• [Exercise description]: Please restate, word for word, the lines below that begin at the one with "Póster de La cabaña maldita" and end at the one with "by Simply Southern". Leave out all other lines.

• [Records to process]:
>>>>>

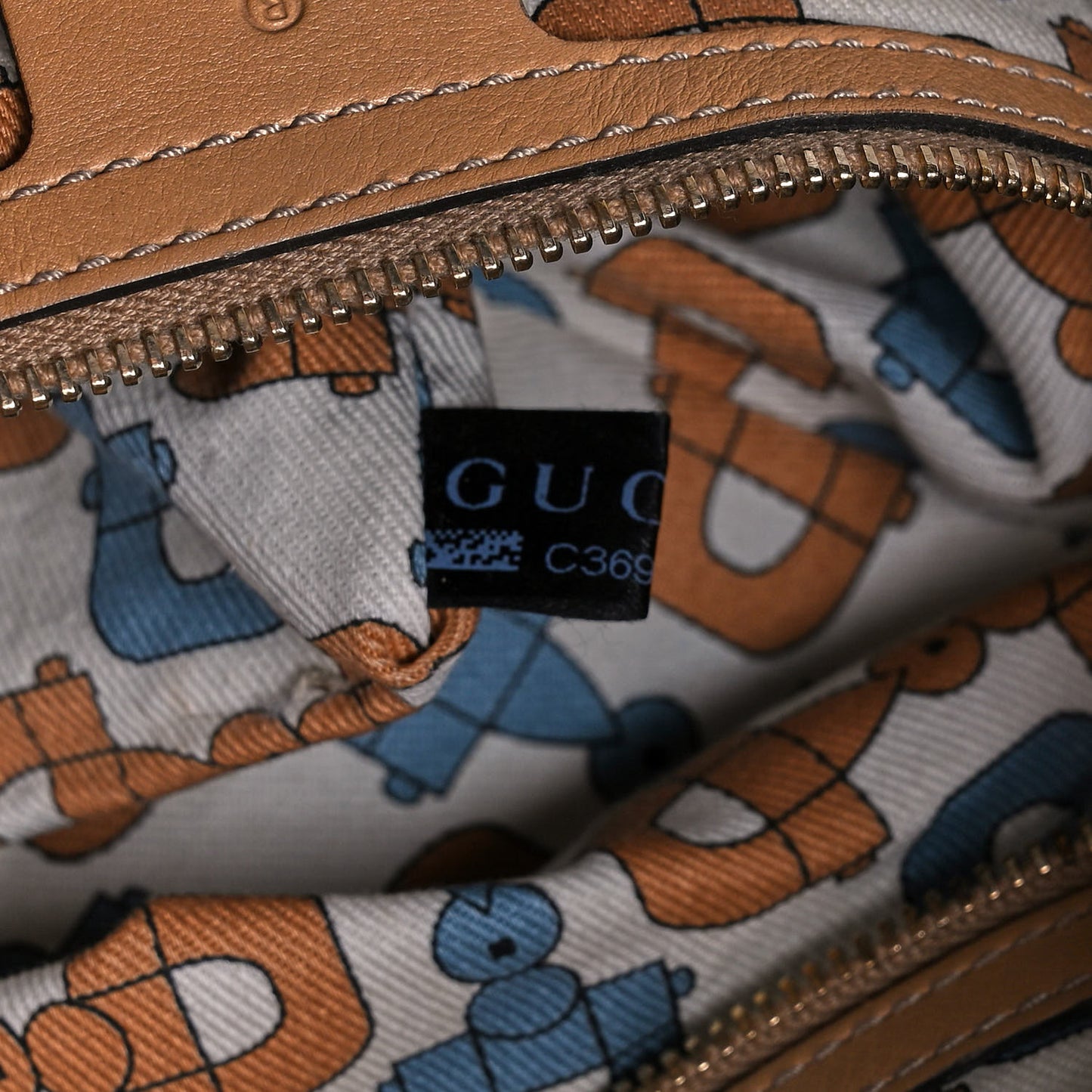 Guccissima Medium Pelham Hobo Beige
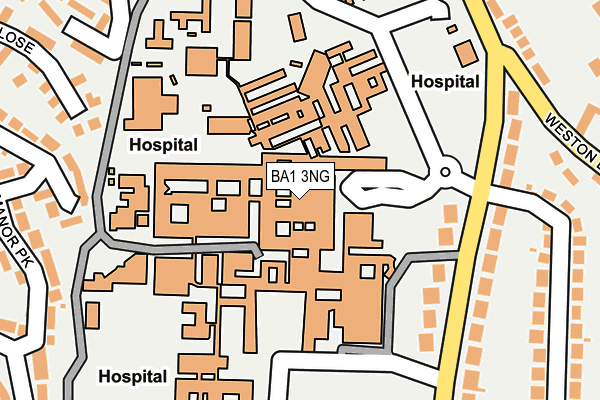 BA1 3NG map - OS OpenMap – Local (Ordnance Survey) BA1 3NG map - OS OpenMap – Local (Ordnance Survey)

<<<<<
>>>>>

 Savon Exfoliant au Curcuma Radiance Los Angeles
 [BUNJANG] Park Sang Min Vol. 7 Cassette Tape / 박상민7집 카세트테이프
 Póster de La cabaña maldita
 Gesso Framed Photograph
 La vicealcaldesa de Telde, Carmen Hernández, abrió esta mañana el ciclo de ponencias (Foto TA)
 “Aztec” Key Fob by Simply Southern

<<<<<

• [Response to this exercise]:
 Póster de La cabaña maldita
 Gesso Framed Photograph
 La vicealcaldesa de Telde, Carmen Hernández, abrió esta mañana el ciclo de ponencias (Foto TA)
 “Aztec” Key Fob by Simply Southern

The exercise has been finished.